*** Opening PROVIDED MATERIAL ***

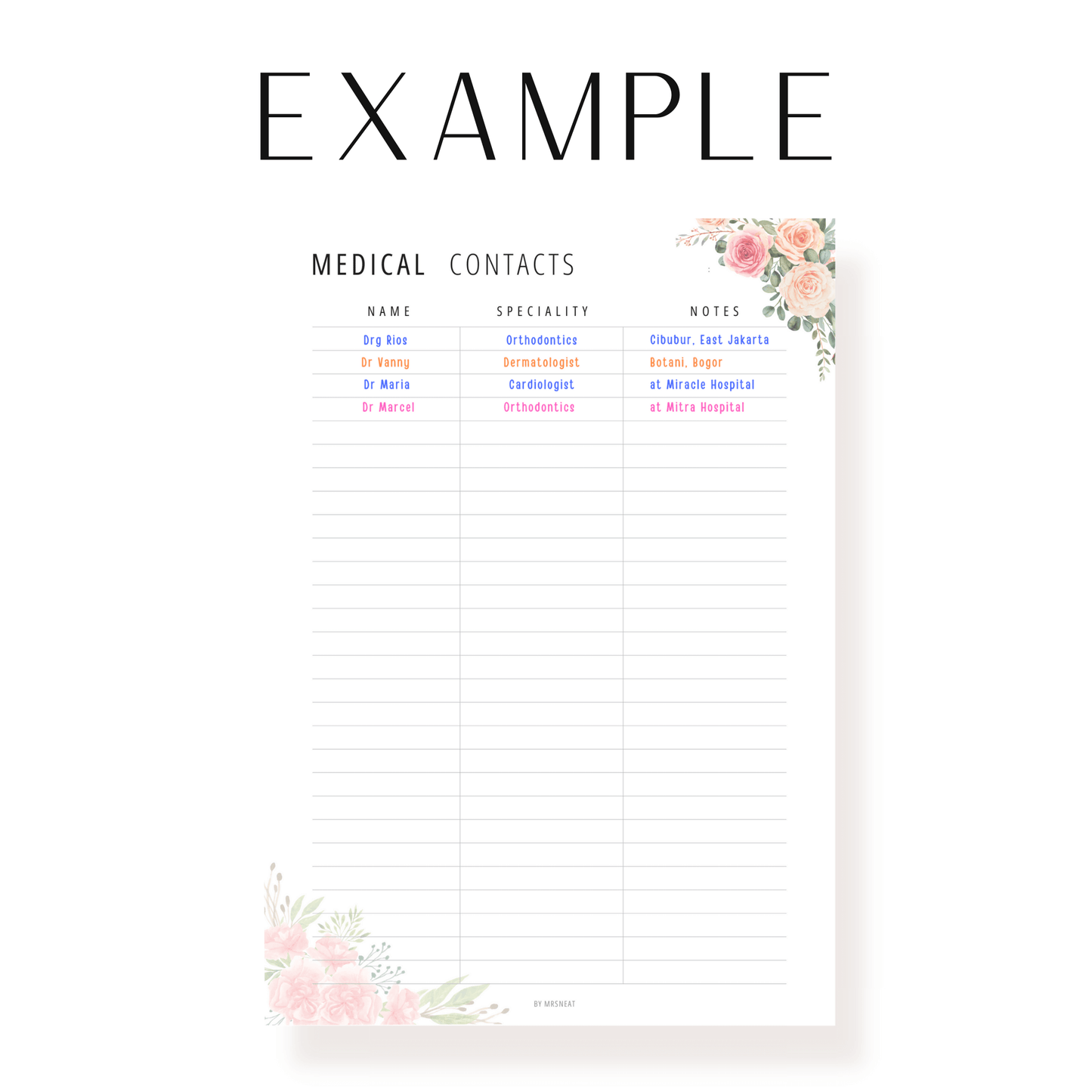 Floral Medical Contact List Printable
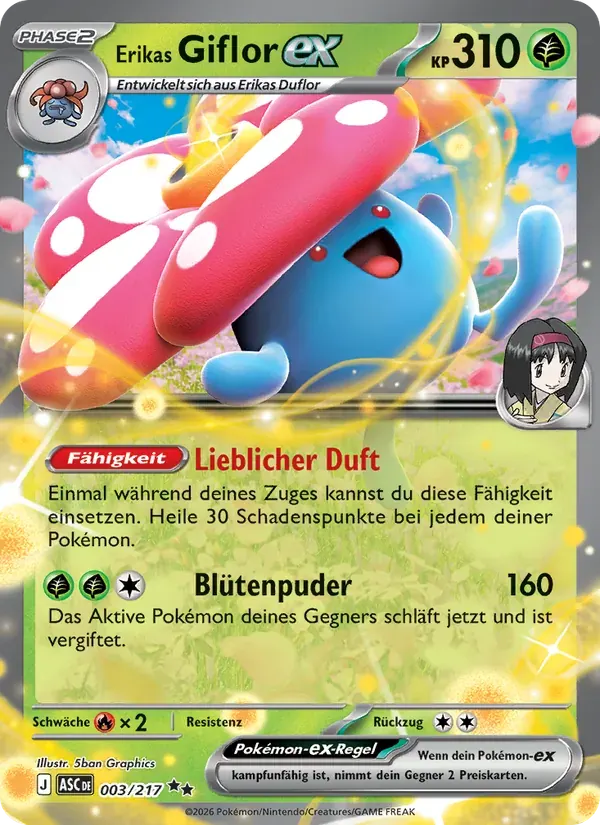 Erikas Giflor-ex — Erhabene Helden 3 German Pokémon card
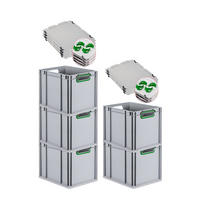 EUROBOX 5x Nextgen Color Mit Auflagedeckel 32x30x40cm Griffe Grün Offen - Grün, Kunststoff (30/32/40cm) - PROREGAL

*** Closing PROVIDED MATERIAL ***

WORK ITEM ->
Output precisely the lines in the material above from the line containing "Erikas Giflor-ex —" through its last line, and omit pictures.

REPLY TO THE EXERCISE ->
 Erikas Giflor-ex — Erhabene Helden 3 German Pokémon card
 EUROBOX 5x Nextgen Color Mit Auflagedeckel 32x30x40cm Griffe Grün Offen - Grün, Kunststoff (30/32/40cm) - PROREGAL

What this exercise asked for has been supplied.